─── INPUT DATA

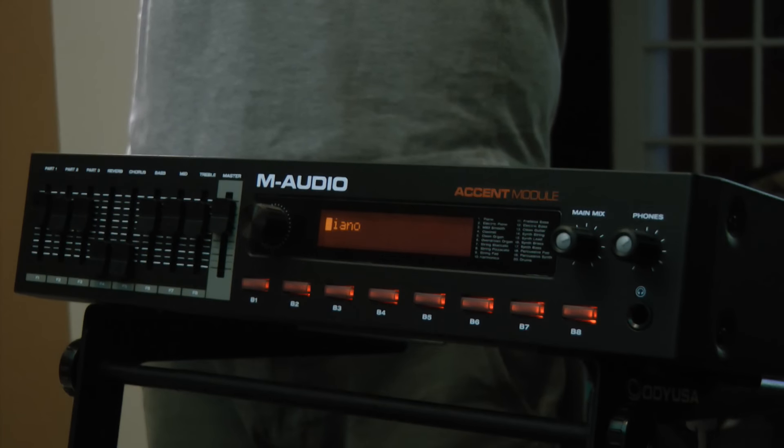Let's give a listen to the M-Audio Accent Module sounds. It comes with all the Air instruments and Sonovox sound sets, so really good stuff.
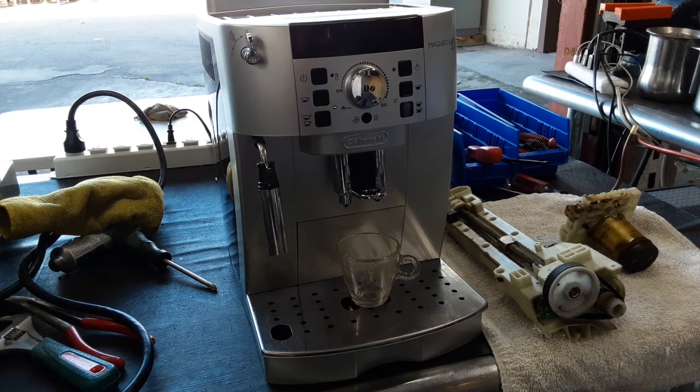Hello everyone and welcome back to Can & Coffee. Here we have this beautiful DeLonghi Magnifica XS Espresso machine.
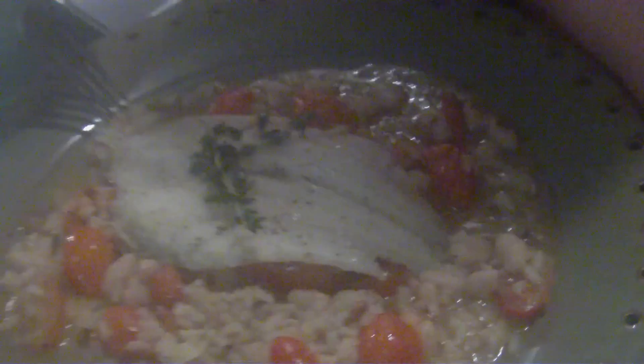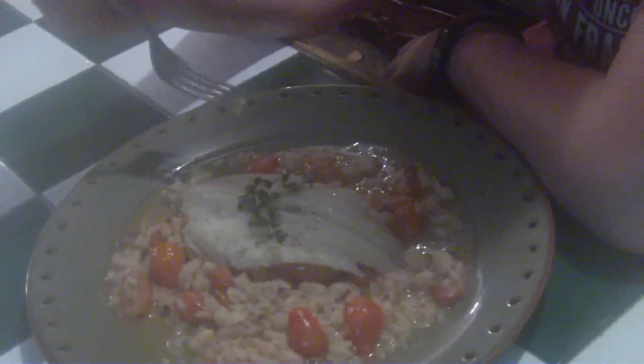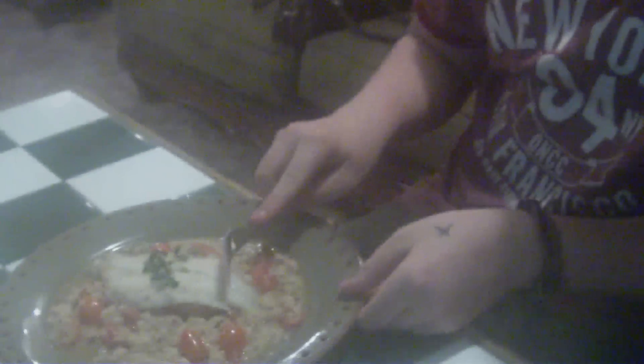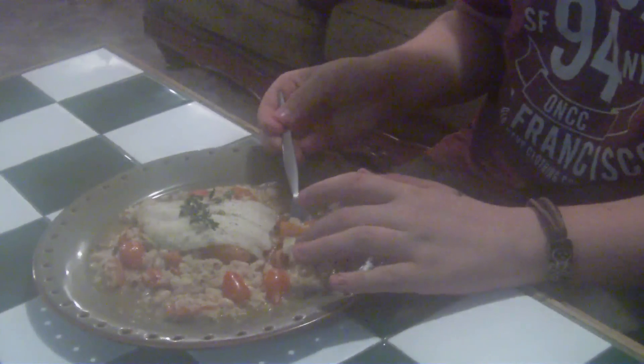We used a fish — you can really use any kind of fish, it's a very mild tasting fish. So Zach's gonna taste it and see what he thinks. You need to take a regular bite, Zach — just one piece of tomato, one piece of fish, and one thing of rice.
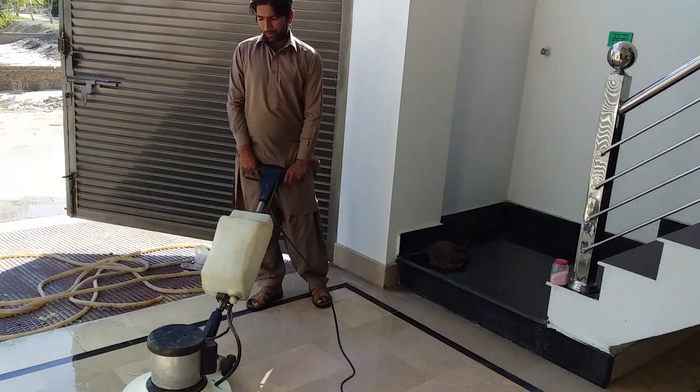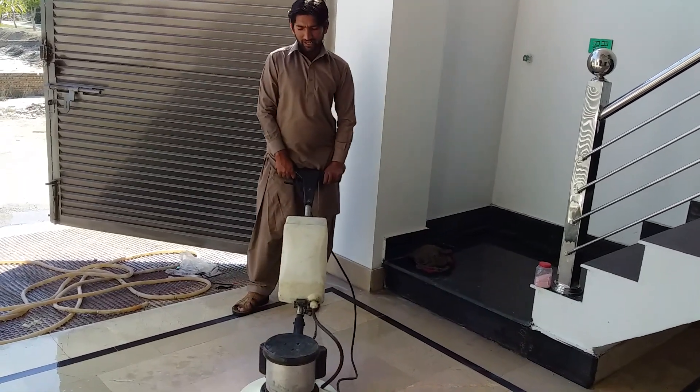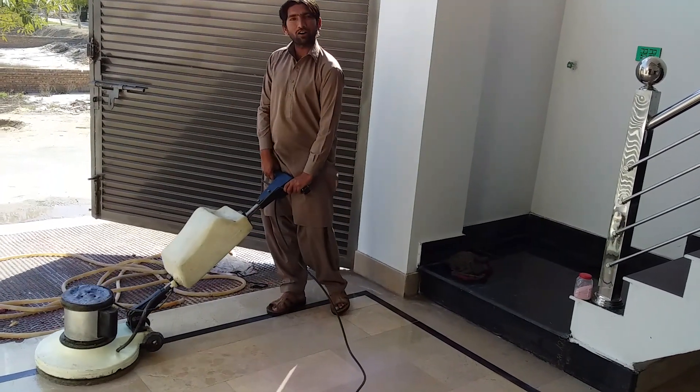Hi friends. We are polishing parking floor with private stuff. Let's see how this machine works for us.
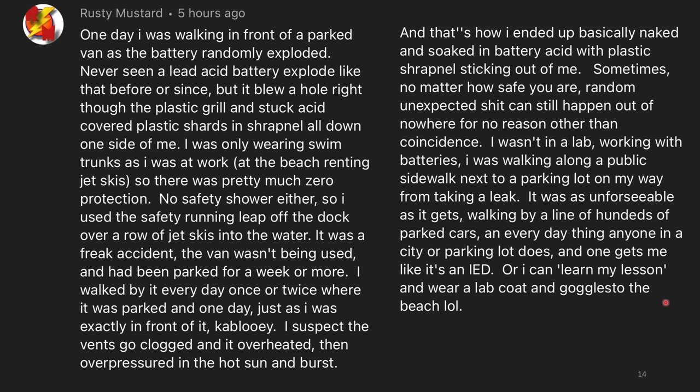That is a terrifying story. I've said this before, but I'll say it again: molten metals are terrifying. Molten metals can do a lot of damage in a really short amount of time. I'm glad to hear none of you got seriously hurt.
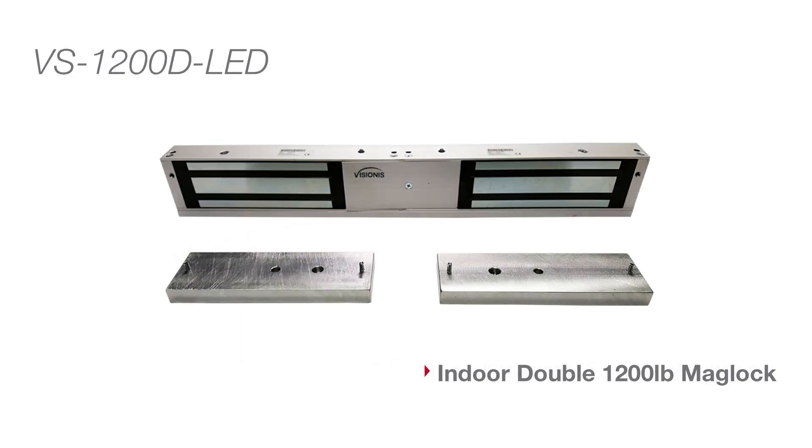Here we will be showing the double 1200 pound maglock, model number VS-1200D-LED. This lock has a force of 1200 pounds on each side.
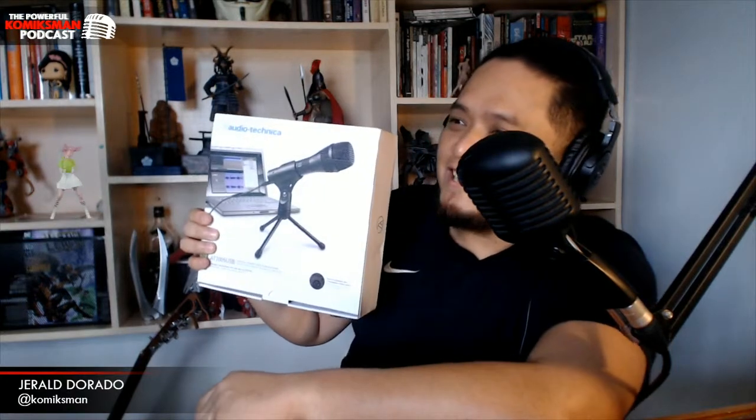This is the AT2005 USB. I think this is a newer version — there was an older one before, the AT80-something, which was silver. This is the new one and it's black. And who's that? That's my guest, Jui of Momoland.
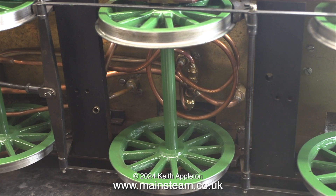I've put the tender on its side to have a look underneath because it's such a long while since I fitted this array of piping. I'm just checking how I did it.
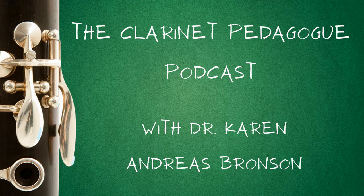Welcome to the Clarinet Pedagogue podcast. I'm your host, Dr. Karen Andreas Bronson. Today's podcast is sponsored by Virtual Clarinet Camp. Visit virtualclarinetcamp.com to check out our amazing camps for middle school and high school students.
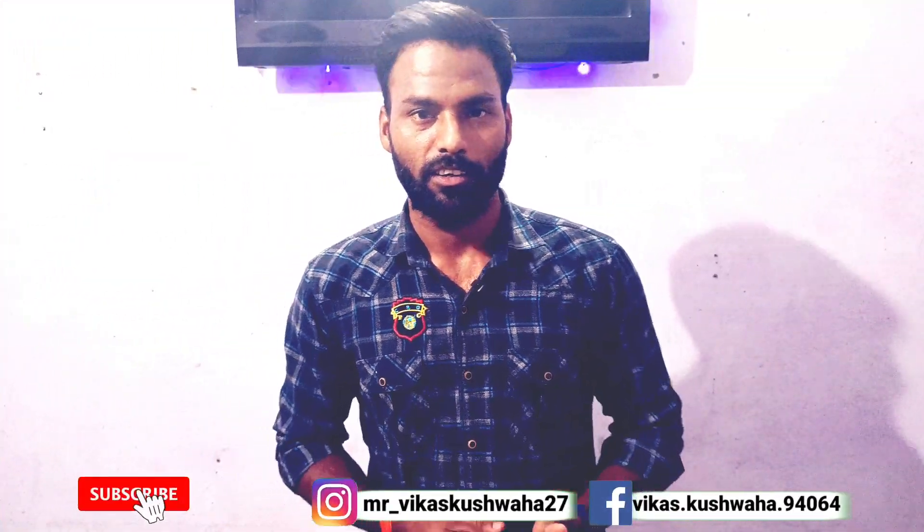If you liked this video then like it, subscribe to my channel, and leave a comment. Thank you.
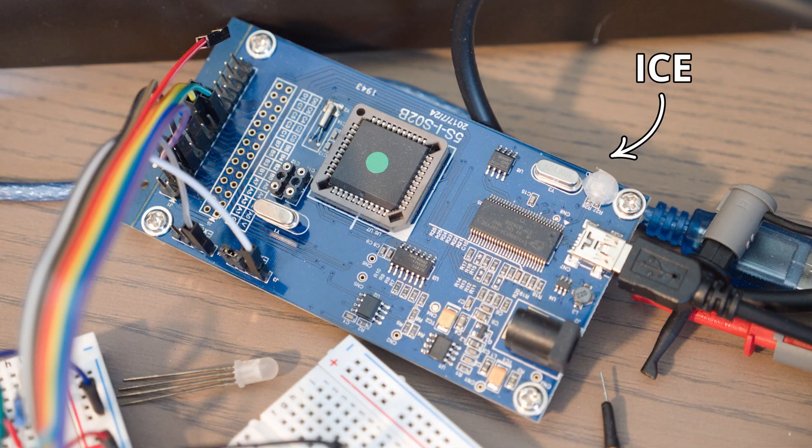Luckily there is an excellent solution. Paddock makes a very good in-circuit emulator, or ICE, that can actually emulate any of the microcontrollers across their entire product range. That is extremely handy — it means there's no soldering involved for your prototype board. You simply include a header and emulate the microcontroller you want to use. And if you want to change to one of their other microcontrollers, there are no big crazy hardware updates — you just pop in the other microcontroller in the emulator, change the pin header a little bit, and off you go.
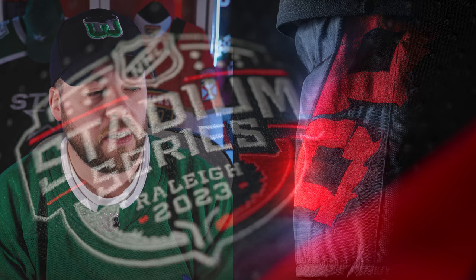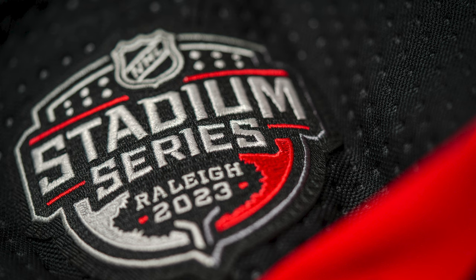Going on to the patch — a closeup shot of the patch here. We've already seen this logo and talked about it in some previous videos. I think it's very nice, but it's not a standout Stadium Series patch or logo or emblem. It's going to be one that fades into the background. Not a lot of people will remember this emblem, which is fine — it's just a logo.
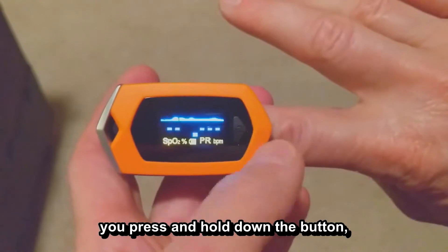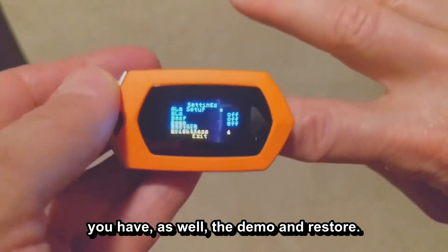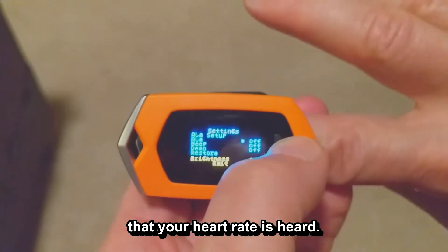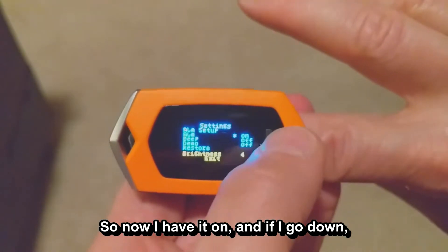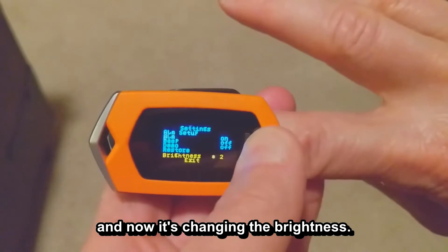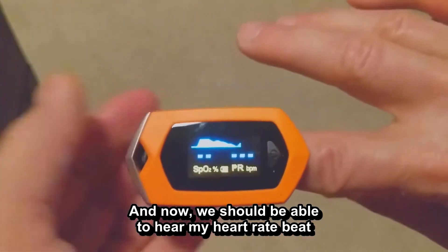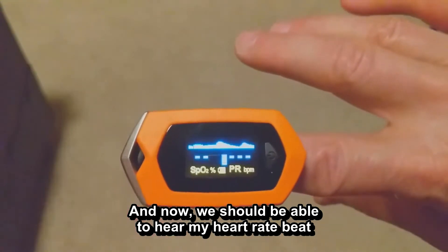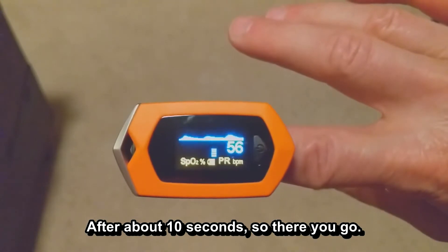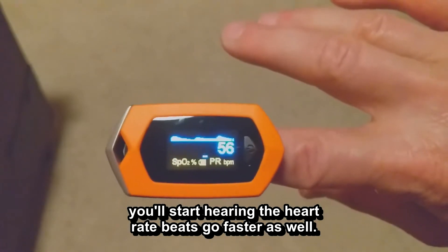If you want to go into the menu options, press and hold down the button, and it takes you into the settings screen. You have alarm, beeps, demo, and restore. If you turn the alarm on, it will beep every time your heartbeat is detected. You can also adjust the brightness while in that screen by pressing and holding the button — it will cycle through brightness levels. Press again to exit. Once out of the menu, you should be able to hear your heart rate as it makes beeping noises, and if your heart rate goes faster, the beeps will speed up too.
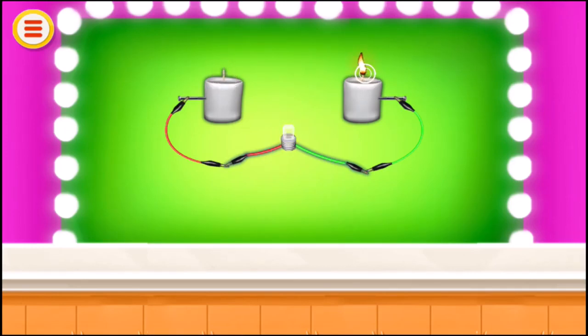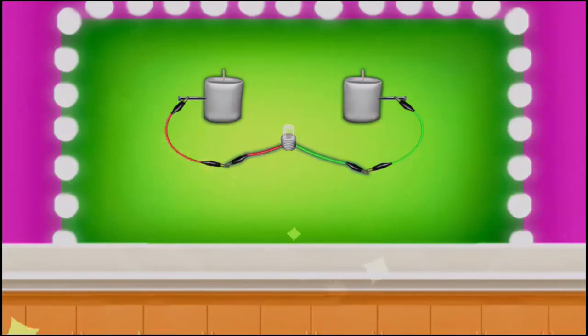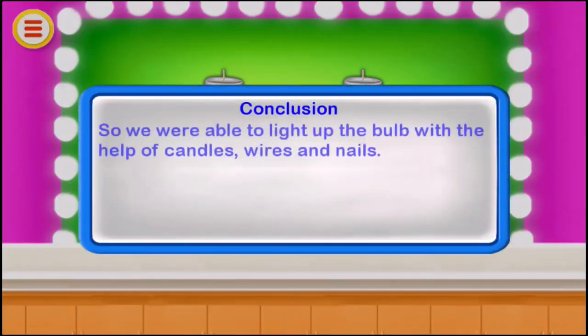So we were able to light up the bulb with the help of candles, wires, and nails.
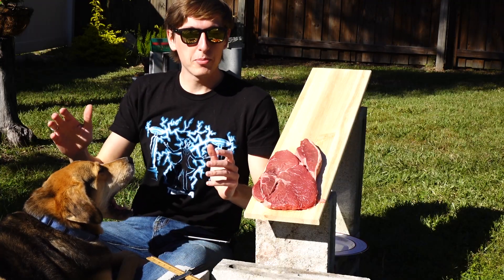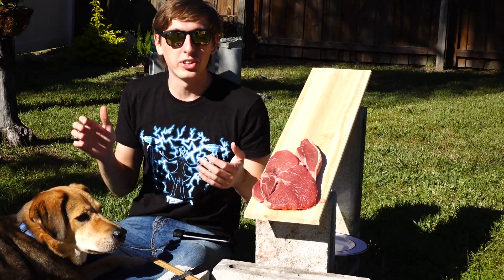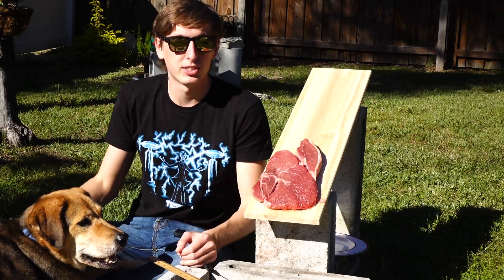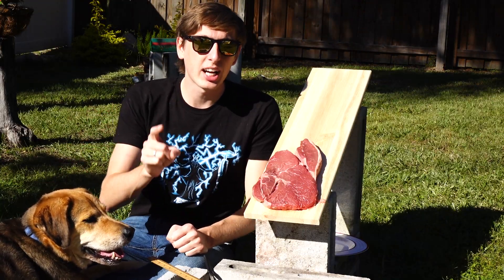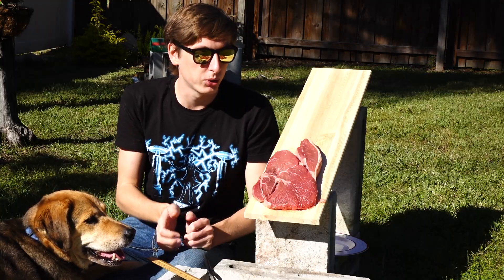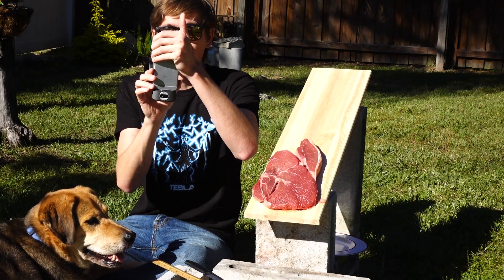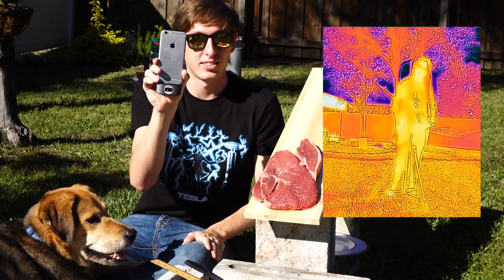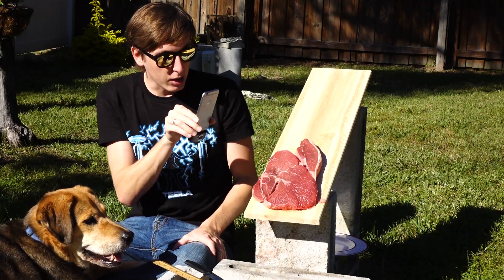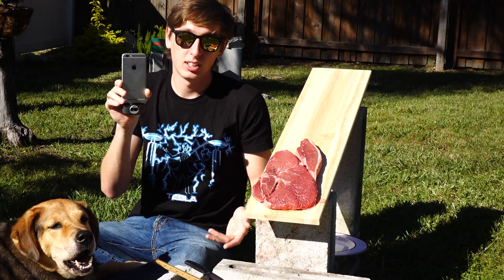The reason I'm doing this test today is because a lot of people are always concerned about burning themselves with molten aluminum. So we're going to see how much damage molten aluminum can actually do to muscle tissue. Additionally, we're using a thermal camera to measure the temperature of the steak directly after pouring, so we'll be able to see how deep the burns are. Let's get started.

──────

### WHAT NEEDS TO BE DONE
From the line that contains "If you want to go" through the last line of the entries, transcribe every line exactly, leaving out the pictures.

### REPLY
If you want to go into the menu options, press and hold down the button, and it takes you into the settings screen. You have alarm, beeps, demo, and restore. If you turn the alarm on, it will beep every time your heartbeat is detected. You can also adjust the brightness while in that screen by pressing and holding the button — it will cycle through brightness levels. Press again to exit. Once out of the menu, you should be able to hear your heart rate as it makes beeping noises, and if your heart rate goes faster, the beeps will speed up too.
So we were able to light up the bulb with the help of candles, wires, and nails.
The reason I'm doing this test today is because a lot of people are always concerned about burning themselves with molten aluminum. So we're going to see how much damage molten aluminum can actually do to muscle tissue. Additionally, we're using a thermal camera to measure the temperature of the steak directly after pouring, so we'll be able to see how deep the burns are. Let's get started.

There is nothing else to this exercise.